5.16. Scope¶
When Python looks up a name inside a function, it searches a specific sequence of scopes. Understanding that sequence explains why some assignments shadow outer names, why others modify them, and why nested functions can remember values from where they were defined.
Name lookup starts in the local function scope and walks outward to module and built-in scopes until a match is found.¶
5.16.1. Local and module scope¶
Names defined inside a function are local to that function and disappear when the call ends:
def f():
x = 10
print(x)
f()
print(x) # NameError: x is not defined
Names defined at the top level of a .py file are module-level
(sometimes called global) and are visible everywhere in that
file, including inside functions:
CAMERA = "OpenMV"
def banner():
print("running on", CAMERA)
Reading a module-level name from inside a function is automatic. Assigning to that name from inside a function is not – the assignment creates a new local variable that shadows the module-level one for the rest of the call:
counter = 0
def bump():
counter = counter + 1 # UnboundLocalError
The left-hand counter makes counter a local name in
bump, so the read on the right has no value to find.
5.16.1.1. The global keyword¶
To actually reassign a module-level name from inside a function,
declare it global first:
counter = 0
def bump():
global counter
counter += 1
Reach for global sparingly.
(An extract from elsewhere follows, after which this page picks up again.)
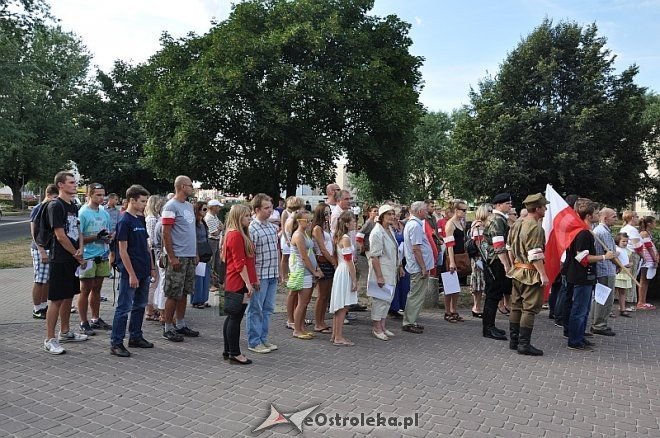 Ostrołęczanie uczcili pamięć poległych w Powstaniu Warszawskim [01.08.2013] - zdjęcie #62 - eOstroleka.pl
Functions that mutate hidden
state are harder to reason about than functions that take values
in as arguments and return new values out. The usual fix for “I
need to share state” is to pass an object (a list, a dict, a class
instance) as an argument and mutate it instead.
5.16.2. Lambdas¶
A lambda builds a small anonymous function in a single
expression:
square = lambda x: x * x
square(7) # 49
It is exactly equivalent to
def square(x):
return x * x
The body of a lambda must be a single expression – no
statements, no multiple lines. The main use is passing a tiny
function as an argument to something that takes a function:
pairs = [("b", 2), ("a", 3), ("c", 1)]
pairs.sort(key=lambda item: item[1])
# [('c', 1), ('b', 2), ('a', 3)]
When the body grows past one expression, switch to a real def.
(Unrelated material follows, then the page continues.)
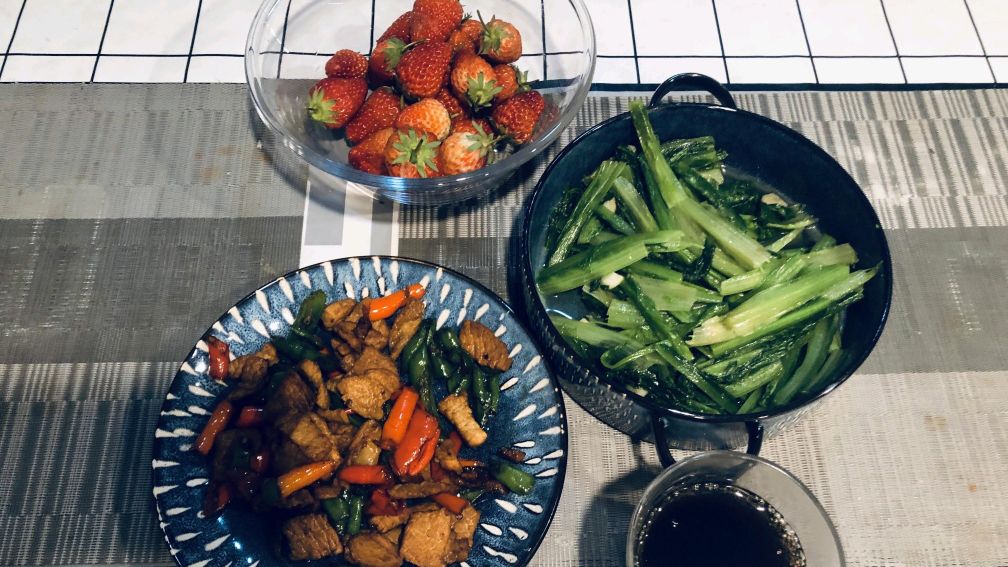 切菜时碰到辣椒很辣怎么缓解,切菜被辣椒辣到快速解辣方法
Naming a function with def also gives it a name in tracebacks,
which a lambda does not have.
5.16.3. Closures¶
A function defined inside another function can read names from the enclosing function’s scope. The inner function captures those names and keeps working even after the outer call has returned:
def make_adder(n):
def add(x):
return x + n
return add
add5 = make_adder(5)
add10 = make_adder(10)
print(add5(100), add10(100))
Output:
105 110
add5 and add10 are two separate functions, each
remembering its own n. A function that builds and returns
a customised inner function this way is called a closure. It is
the main reason a language needs nested functions in the first
place – a way to bake some state into a function value and then
hand that value off as a single callable.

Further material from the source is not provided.